Esto hace que el entrenamiento cruzado sea especialmente valioso si eres propenso a lesionarte o si estás aumentando tu carga de entrenamiento. Puedes mantener o incluso mejorar tu forma aeróbica mientras reduces la carga sobre las piernas.
Para que la transferencia al rendimiento en carrera sea mayor, tu entrenamiento cruzado debería incluir algo de trabajo de alta intensidad, no solo ciclismo o natación suave. Una o dos sesiones duras de bici o aquajogging por semana pueden complementar tu entrenamiento de VO2max específico para carrera.
¿Con qué rapidez puedes mejorar tu VO2max?
Los principiantes suelen experimentar mejoras rápidas del VO2max durante sus primeros meses de entrenamiento. En personas previamente inactivas, son posibles aumentos del 15 al 20 %. Cuanto más entrenado estás, más lentas se vuelven las mejoras. Los deportistas bien entrenados pueden trabajar duro durante meses para conseguir otro 3 a 5 % de mejora.
La mayoría de las mejoras del VO2max se producen en las primeras 8 a 12 semanas de entrenamiento específico. Después, llegas a un punto de rendimientos decrecientes. Tu genética marca en última instancia un límite superior para tu VO2max, aunque la mayoría de los deportistas recreativos nunca se acercan a su límite genético.

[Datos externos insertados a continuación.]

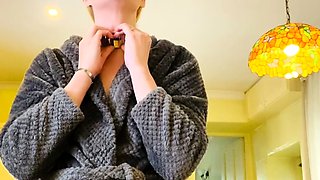 Blonde emo amateur solo masturbation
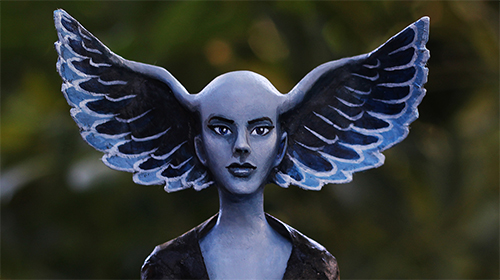 Figura de la artista Ser de Papel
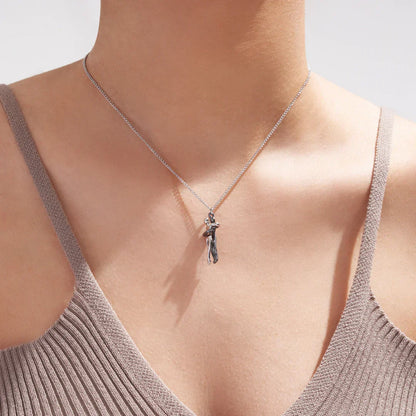Eternal embrace necklace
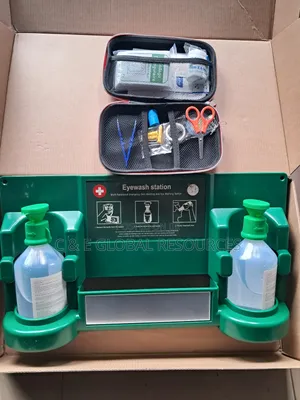 Mounted Eyewash Station (With First Aid Kit)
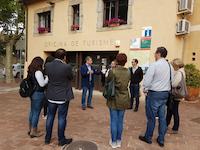 Visita ag&egrave;ncies de viatges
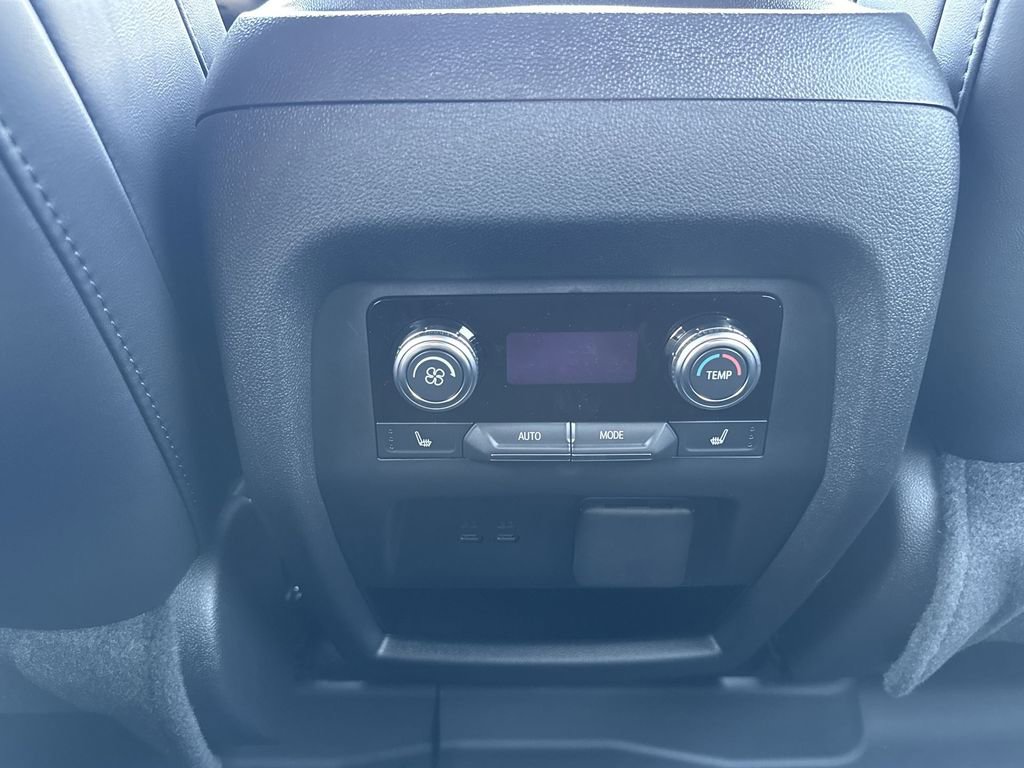 New 2026 GMC Acadia Elevation w/ Elevation Premium Package image 18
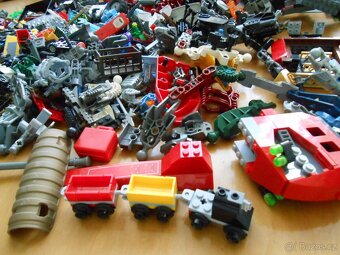 Přes 7kg stavebnice LEGO + DUPLO + různé foto - kusy foto - 5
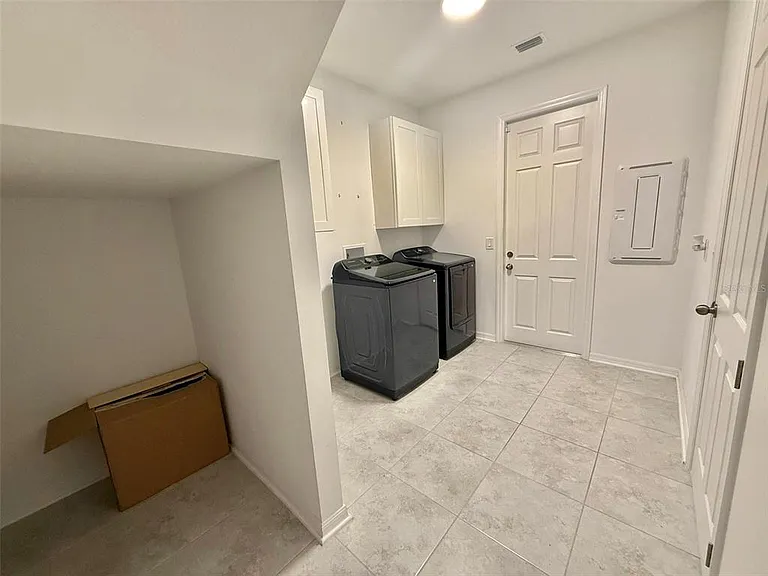 12189 Nouveau Ave — Photo 44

La constancia en el entrenamiento es más importante que los esfuerzos duros ocasionales. Una o dos sesiones de VO2max por semana, combinadas con carreras suaves y trabajo tempo, impulsarán un progreso constante. Más de dos sesiones de alta intensidad por semana suelen provocar sobreentrenamiento, lesiones o agotamiento.
Conclusiones prácticas
Entender el VO2max te ayuda a comprender cómo funciona la resistencia, pero no necesitas obsesionarte con la cifra. Céntrate en entrenar con constancia, incluyendo carreras suaves, trabajo tempo e intervalos de alta intensidad ocasionales. Sigue tu progreso mediante resultados en competición, contrarrelojes o pruebas de campo, en lugar de preocuparte por los mililitros exactos de oxígeno por kilogramo y por minuto.
Si quieres conocer tu VO2max por curiosidad o para planificar tu entrenamiento, una prueba de campo o la estimación de tu reloj GPS será suficiente para la mayoría de los casos. Reserva la costosa prueba de laboratorio para cuando estés realmente enfocado en el rendimiento y trabajes con un entrenador.
Recuerda que el VO2max es solo una pieza del puzle de la resistencia. La economía de carrera, el umbral de lactato, la nutrición, la recuperación y las habilidades mentales contribuyen al rendimiento en competición. Los mejores programas de entrenamiento tienen en cuenta todos estos factores, no solo uno.
Mantén tu entrenamiento variado, sé constante a lo largo del tiempo y confía en el proceso. Tu capacidad aeróbica mejorará, y tus tiempos en competición también.